MORTAGNE-SUR-SEVRE (85) - RAPPORT DE LA COMMUNE AUX REPRÉSENTANTS DU PEUPLE PRES L'ARMÉE DE L'OUEST

LEF

 

RAPPORT DE LA COMMUNE DE MORTAGNE
AUX REPRÉSENTANTS DU PEUPLE
PRES L'ARMÉE DE L'OUEST

Nantes, le 7 germinal, l'an deuxième de la République Française, une & indivisible. [27 mars 1794]

CITOYENS REPRÉSENTANTS,

La Commune de Mortagne sincèrement attachée au système Républicain, & qui n'a d'autre crime que de se trouver malgré elle au centre de l'abominable contre-révolution de la Vendée, vous doit le compte fidèle qu'elle sait de l'évacuation presque générale de la ville & de ce qui peut y avoir donné lieu.

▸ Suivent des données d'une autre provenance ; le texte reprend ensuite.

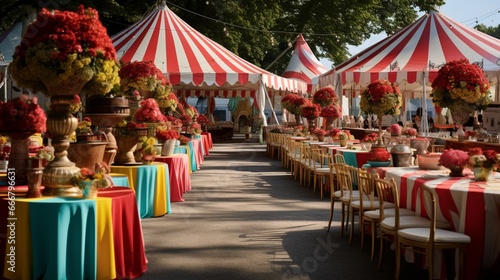 : Carnival-inspired event with colorful tents, popcorn stands, and vibrant striped decor.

Les Brigands n'ont pas tellement été écrasés à Angers & au Mans, qu'il en est repassé la Loire environ cinq à six mille. Sur un mot de proclamation du Citoyen Cambon, pour lors Commandant de Cholet, une grande partie des Révoltés étoit rentrée dans ses foyers & avoit même rendu les armes ; il est de notoriété publique dans le pays que si tout ce qui restoit d'hommes dans les campagnes a repris les armes & se bat avec le courage du désespoir, c'est parce que l'armée du Nord & la division aux ordres du Citoyen Huchet, ont mis à mort hommes, femmes, enfants & vieillards. Les Brigands n'ont point actuellement de canons, ou du moins nous n'en entendions pas le tonnerre.


Le Citoyen Lefort, Commandant la ville de Mortagne commença à faire relever les brêches des anciens remparts, ces travaux se sont continués avec plus d'activité encore par le Citoyen Fouquerole qui lui a succédé ; sept à huit cents hommes des soixante-douxième ; soixante-dix-septième Bataillon & du troisième Bataillon de l'Orne, joint à environ cent cinquante Républicains, tristes restes des citoyens de Mortagne, morts en défendant la Liberté, formoient toute la Garnison.

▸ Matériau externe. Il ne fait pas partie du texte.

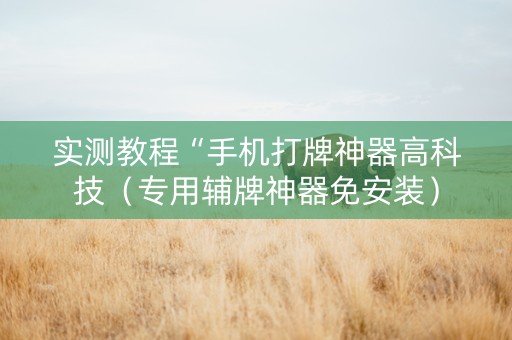 实测教程“手机打牌神器高科技（专用辅牌神器免安装）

Pendant plusieurs semaines il a été impossible à la Commune & au Commandant, d'apprendre aucune nouvelles des Colonnes Républicaines, ni des Garnisons de Montaigu & de Tiffauges, & ce qu'il y avoit de plus triste, c'est que tous les Cavaliers que le Commandant envoyoit en ordonnances ne revenoient jamais ; il y a toute apparence qu'ils étoient massacrés par les Brigands qui obstruoient tous les chemins, au poins que personne n'osoit voyager.


Le trois Germinal, la Garnison ayant besoin de Fourrages, détacha deux cents hommes environ pour protéger le convoi. De ce nombre étoient trente à quarante Citoyens de Mortagne ; une armée de Brigands qui parut tout-à-coup, les cerna & les battit de manière qu'il n'en rentra que dix à douze dans la ville. De suite cette armée qui pouvoit être de deux mille hommes se présenta en bataille hors la portée du fusil devant les remparts, & se retira le soir sans rien tenter.


Le lendemain sur les neuf heures du matin, cette armée qui s'étoit beaucoup grossie parut au même endroit & y planta deux pavillons blancs. Deux autres colonnes se présentèrent devant la porte Nantaise & la porte Rochelaise où elles firent de fausses attaques ; ces trois colonnes pouvoient monter à cinq à six mille hommes. La générale eut bientôt rassemblé la Garnison, & tous les Citoyens en état de porter les armes furent occuper le poste qui leur étoit connu d'avance.


A onze heures, les Brigands attaquèrent les portes de Saint-Louis & de Poitiers par un feu épouventable, le Commandant de la Place, le Citoyen Lenormand, chef du troisième Bataillon de l'Orne, dont le nom nous est particulièrement connu, & les autres chefs voloient sur les remparts recommandant spécialement de ne tirer que lorsque les Brigands seroient à portée sûre.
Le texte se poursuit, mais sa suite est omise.